Pedalare rafforza le amicizie. Condividere un “viaggio” aiuta a fare gruppo e creare nuove amicizie. Ne sono consapevoli gli atleti della società ciclistica Velovirtus di Lissone che hanno percorso oltre 520 chilometri, fino a Trieste, in tre giorni.
Un itinerario tra storia, cultura e religione ben pensato che ha visto in sella alle bici il gruppo di diciassette sportivi accompagnati dal “furgone”, con alla guida Rocco Patruno e Fabrizio Gualtieri che li ha seguiti, prendendosi cura di ognuno di loro, passando le bottigliette d’acqua direttamente dal finestrino o preparando i panini ad ogni sosta.
Velovirtus da Lissone a Trieste: gruppo dai 17 ai 79 anni
Il segreto di questo gruppo: il lavoro di squadra. Dai 17 ai 79 anni, come Enrico Ornaghi, il più “anziano” che ha colto l’occasione per andare a trovare la figlia che vive ad Abano Terme, o i più giovani, i nipoti di Nino Buzzola, 17enni, che hanno trascinato anche il papà Roberto (genero di nonno Nino). Partiti alle 6.30 dal piazzale della Prepositurale, con tanto di benedizione di don Giorgio Erba, alla presenza dell’assessore allo sport Giovanni Camarda, sono rientrati domenica 16 giugno.
Velovirtus da Lissone a Trieste: le tre tappe
Un viaggio in tre tappe, Lissone-Mantova, Mantova-Iesolo, Iesolo-Trieste che li ha portati a scoprire piccoli borghi, le campagne e le “faticose salite” dei colli Euganei, ma anche le città.
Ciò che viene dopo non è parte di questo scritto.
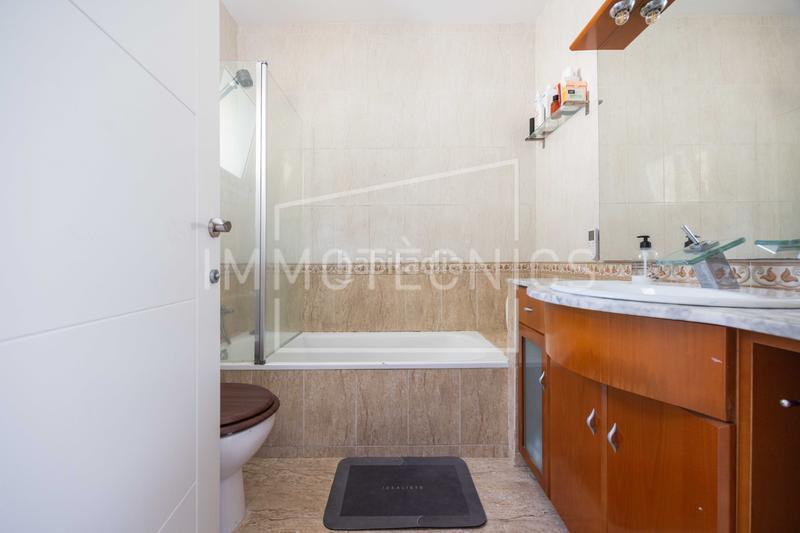 Foto e21a1d85-f3af-430d-9ad7-44df2f303d98. Casa exclusiva casa a cuatro vientos con vistas únicas a los cingles del bertí en Bigues i Riells del Fai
«È stato un viaggio come sempre emozionante, diverso da quello dello scorso anno – racconta Luca Arosio, presidente della società – che ci ha permesso di scoprire una parte dell’Italia che non avevamo ancora visto. Posti affascinanti, come la città di Palmanova, con la sua forma ottagonale, o Valeggio sul Mincio. Per non parlare del castello di Miramare a Trieste».
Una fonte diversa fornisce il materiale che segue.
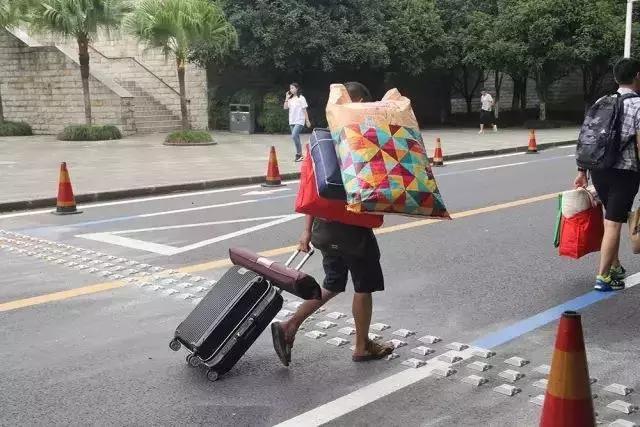 马上,这些年轻人要离开乐山!未来将属于他们……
Un viaggio che è stata una scoperta ma anche un ritrovarsi, come con la figlia di Enrico, tra vecchi amici che ormai hanno un grande affiatamento. «Un percorso per lo più pianeggiante ma, nel giusto spirito dei ciclisti – continua Luciano Zecchin, atleta e organizzatore del viaggio – le salite ci hanno messo alla prova. Erano strappi violenti, inaspettati che abbiamo preso un po’ sottogamba ma li abbiamo superati. Ricordo molto bene i saluti, i sorrisi delle persone anziane che abbiamo incontrato nei piccoli paesini, ci guardavano come fossimo ciclisti del giro d’Italia, con molta curiosità e interesse».
Velovirtus da Lissone a Trieste: viaggio dedicato alla memoria di Mario Lissoni e a Giovanni Meroni che non ha potuto partecipare
Già perché vedere un gruppo di quasi venti ciclisti tutti con la stessa divisa pedalare insieme è un’immagine che certo non passa inosservata.
«Tutto è stato programmato molto bene, non sono mancati gli imprevisti ma, come ci aveva insegnato il nostro Mario Lissoni (colonna della società morto alcuni mesi fa) sappiamo bene che per “muoversi serve lo spirito” e noi ne abbiamo – concludono i due ciclisti – Quest’anno non è potuto venire Giovanni Meroni, altra colonna per noi ma, abbiamo sentito comunque la sua presenza come se fosse con noi. Ogni uscita è anche in ricordo di chi ci ha lasciato e ci ha insegnato tanto, anzi spesso proprio il loro ricordo è lo sprint che serve per superare le difficoltà».